The way to avoid falling into this trap is to pay close attention to the little voice in the back of your head that is whispering “something is wrong with this picture.” This is not always easy to do. When you badly want to be in a relationship and the guy is professing his love, or at least his interest in you, it is hard to remain objective and exercise the self-control necessary not to fall into the same trap as Annie.

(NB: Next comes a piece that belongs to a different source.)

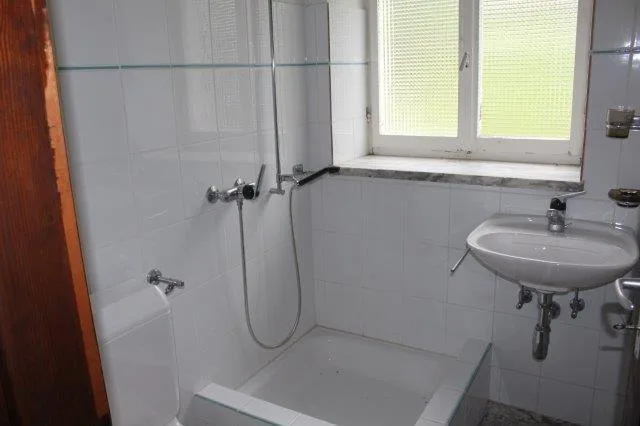 Mehrfamilienhaus mit 4 Wohnungen Casa con 4 appartamenti – Foto 6 von 10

Furthermore, the situation is even more difficult when the guy’s desire to be in a relationship is as great as the woman’s, causing him to believe the declarations of love that he is making. That is, despite what many women believe, all men are not as self-centered as Ted. Of course, predatory men do exist, but I believe they are the exception. My male clients long for satisfying long-term relationships as much as my female clients do. Unfortunately, while a woman’s insecurities put her at risk of being taken advantage of, the combination of a man’s longing to be in a relationship and the effects of testosterone can make a good guy act more self-centered than his normal disposition. In the dance of life, whether you lead or follow, both men and women are equal participants.

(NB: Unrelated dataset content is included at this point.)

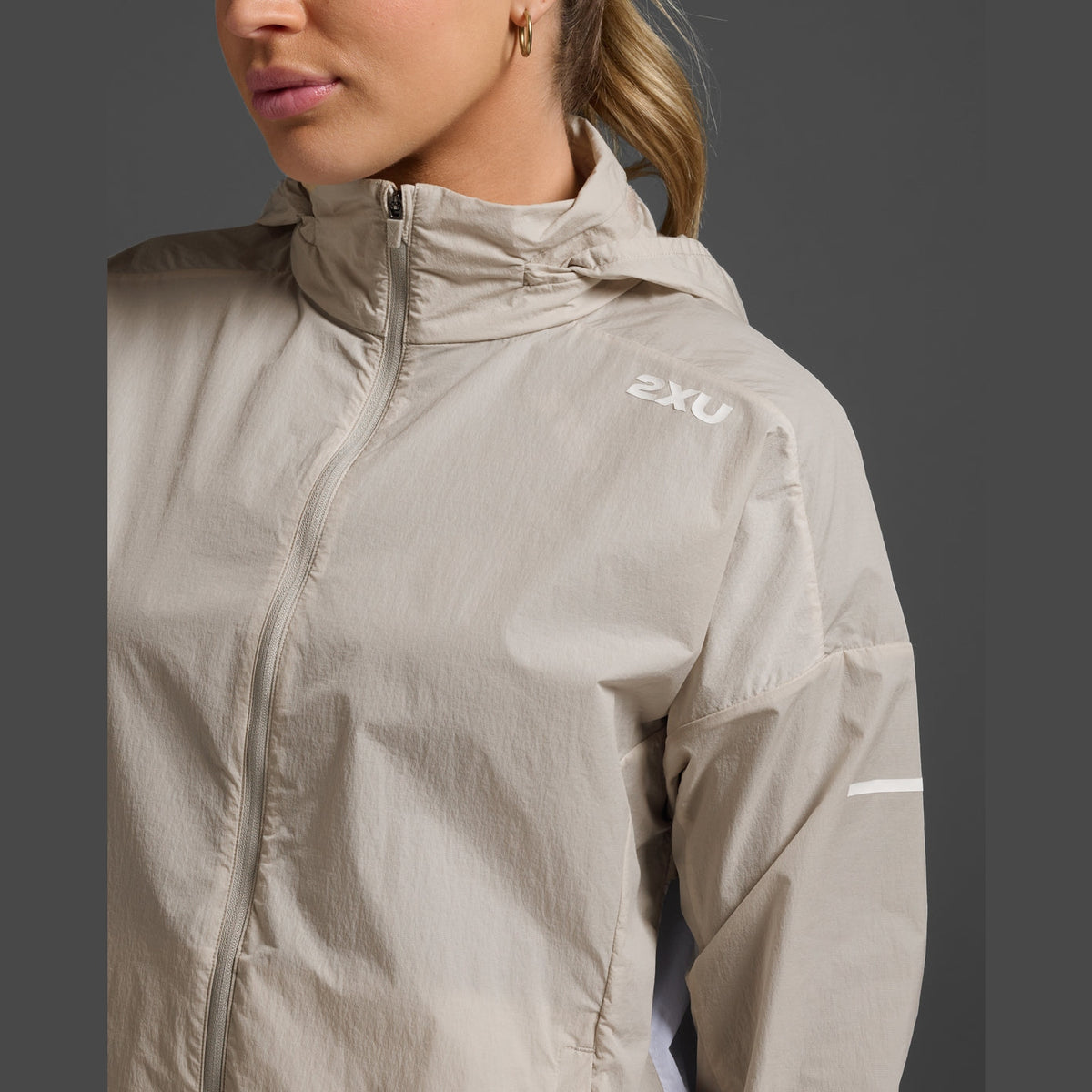 2XU Aero Windbreaker Womens APPAREL - Womens Jackets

In the short run, it’s a lot more fun to give in to temptation and ignore the part of you that is being a buzzkill and telling you that you should exercise restraint—I’m sure that Annie enjoyed her night of being the center of Ted’s world. But in the long run, the price that you pay is feeling bad about yourself and feeling used and taken advantage of. If you’re trying to determine if the guy is a keeper or a jerk, you get a lot more good intel when you set limits out of respect for what you think is right than when you go along with his advances despite your reservations. It’s a good sign if you can say, “I had a great time last night.” It’s a better sign if you can say, “I still feel great” the next day. If you haven’t seen Bridesmaids I don’t want to spoil the ending, but suffice it to say that the movie ended with Annie feeling great, and the angst that I experienced in the beginning was gone.